▶ What the task asks: Without the pictures, restate all of the data below word for word.
======== Dataset excerpt
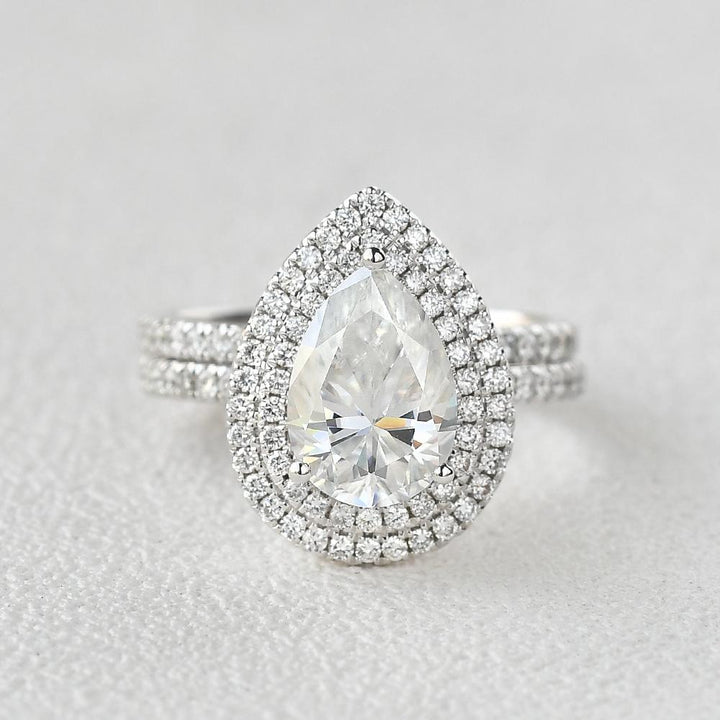 1.86CT Pear Cut Moissanite Double Halo Engagement Ring with Full Eternity Wedding Band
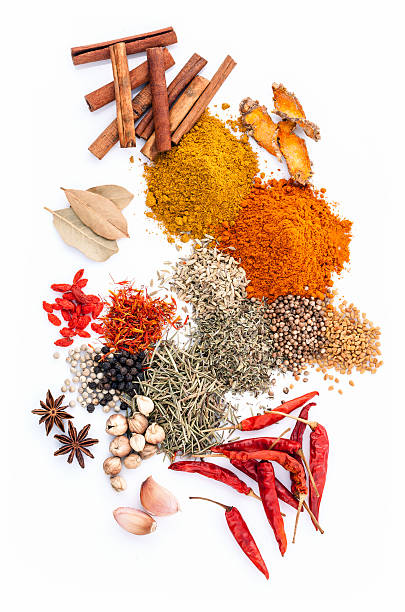istock Assorted of spices black pepper ,white pepper,fenugreek,cumin ,b 579221724
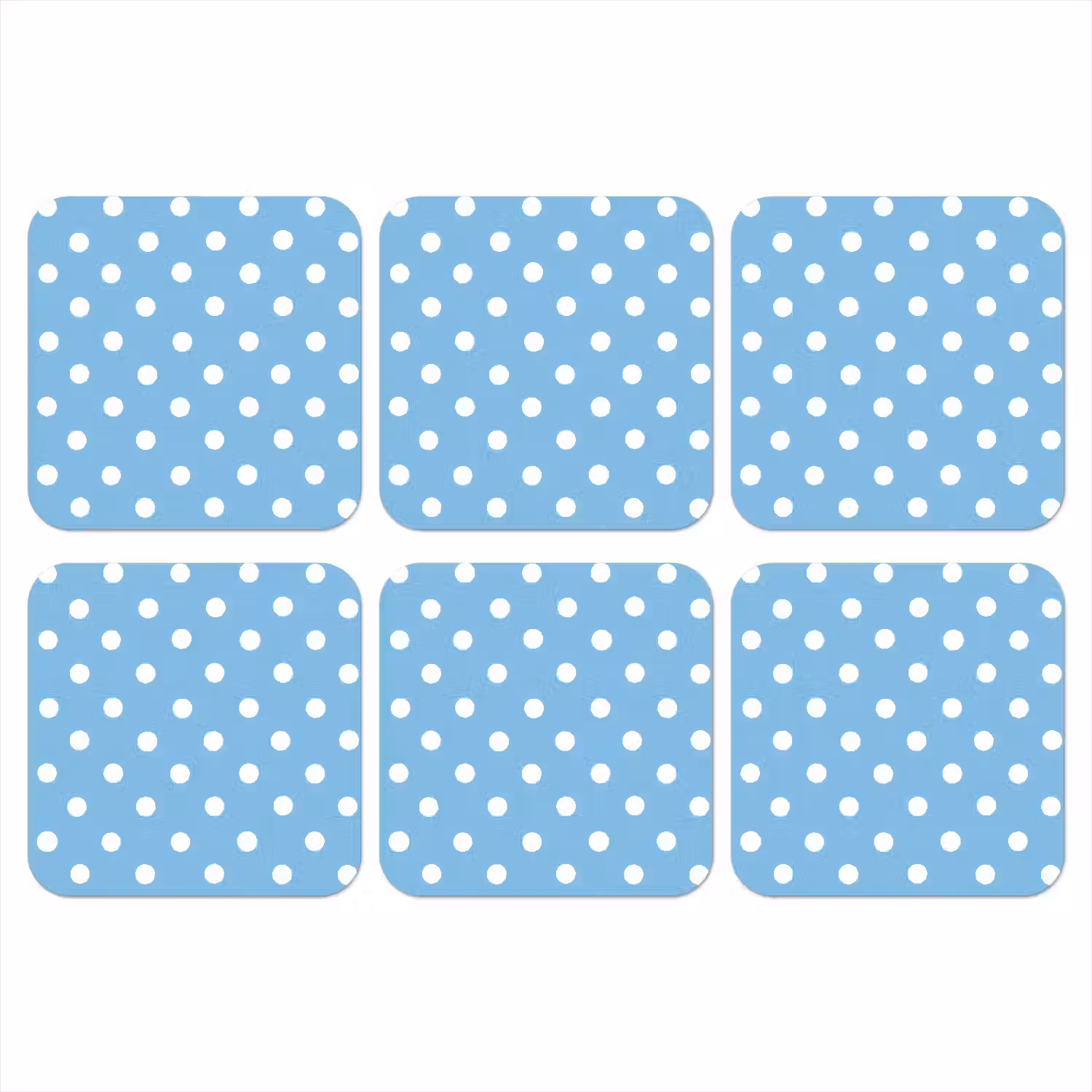 Polka - Dots - Blauw onderzetter kurk middel 366 -3d
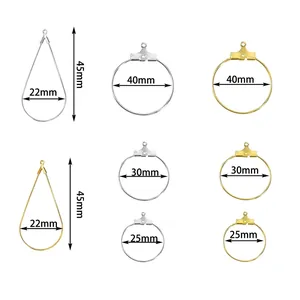 Detailed dimension chart for DIY earring hoops in round and teardrop shapes.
================
▶ Answer:
 1.86CT Pear Cut Moissanite Double Halo Engagement Ring with Full Eternity Wedding Band
istock Assorted of spices black pepper ,white pepper,fenugreek,cumin ,b 579221724
 Polka - Dots - Blauw onderzetter kurk middel 366 -3d
 Detailed dimension chart for DIY earring hoops in round and teardrop shapes.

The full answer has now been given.